Problem description – Return the stretch from the line with "Alu disk MAK" through the line with "Wohnwand TECNOS Maruska" in the data below, character for character, skipping all pictures.
Given information: Begin
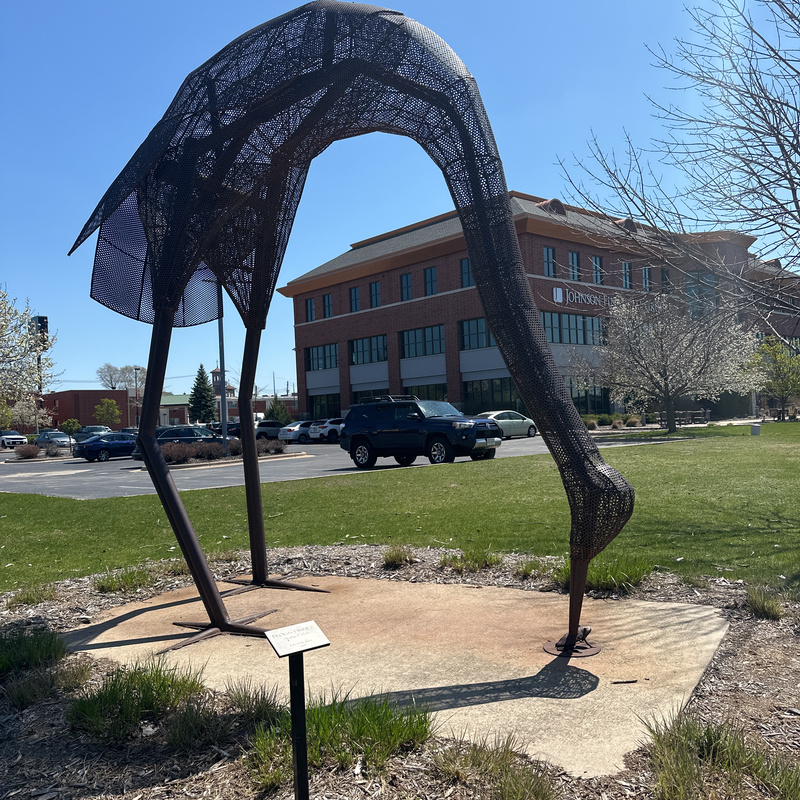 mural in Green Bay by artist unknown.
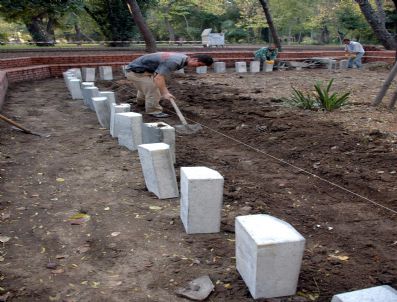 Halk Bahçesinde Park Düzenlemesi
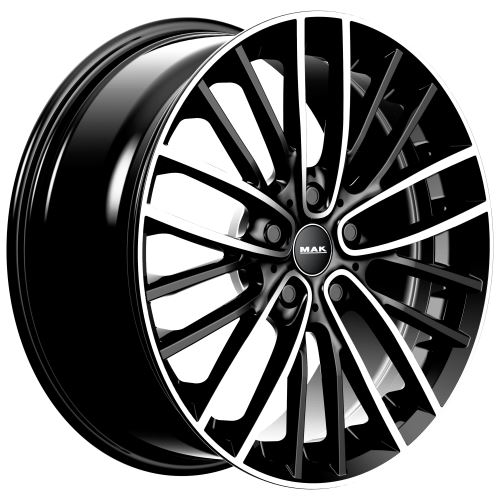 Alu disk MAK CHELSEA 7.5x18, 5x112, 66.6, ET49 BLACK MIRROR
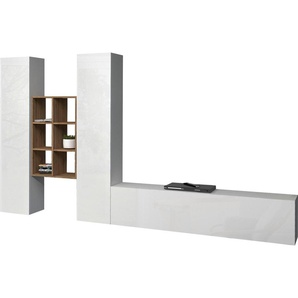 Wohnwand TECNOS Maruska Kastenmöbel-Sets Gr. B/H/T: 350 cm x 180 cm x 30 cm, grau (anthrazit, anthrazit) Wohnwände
Given information: End
Given information: Begin
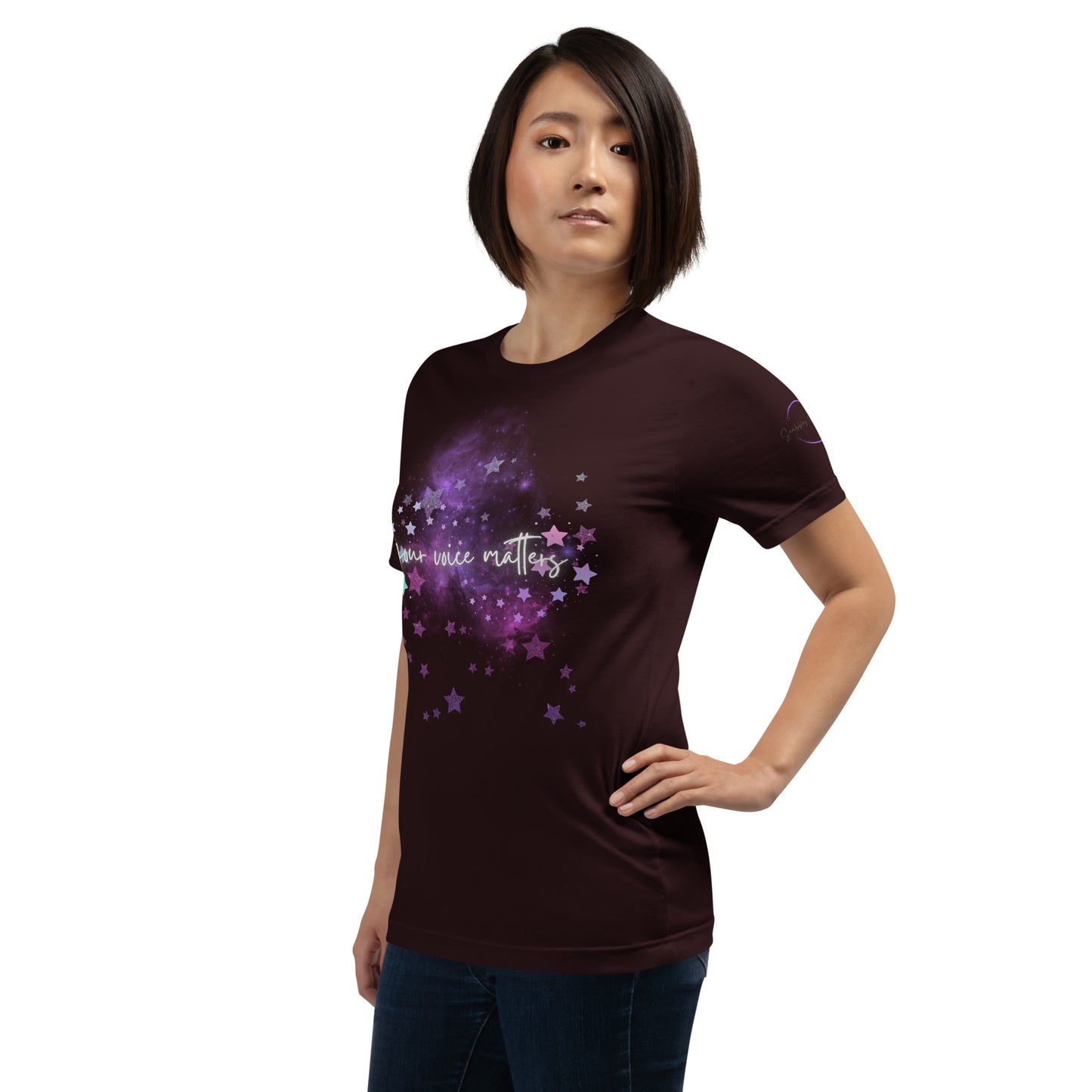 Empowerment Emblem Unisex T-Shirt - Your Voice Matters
Given information: End
Given information: Begin
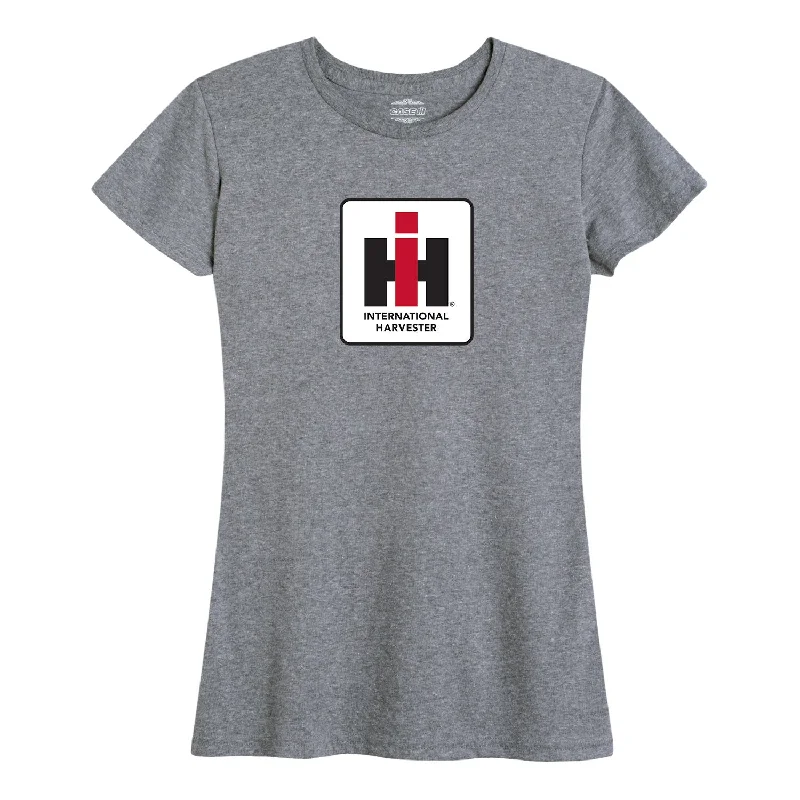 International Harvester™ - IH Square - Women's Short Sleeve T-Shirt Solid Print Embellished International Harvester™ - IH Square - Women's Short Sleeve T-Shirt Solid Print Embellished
Given information: End
Solution to the exercise –
 Alu disk MAK CHELSEA 7.5x18, 5x112, 66.6, ET49 BLACK MIRROR
 Wohnwand TECNOS Maruska Kastenmöbel-Sets Gr. B/H/T: 350 cm x 180 cm x 30 cm, grau (anthrazit, anthrazit) Wohnwände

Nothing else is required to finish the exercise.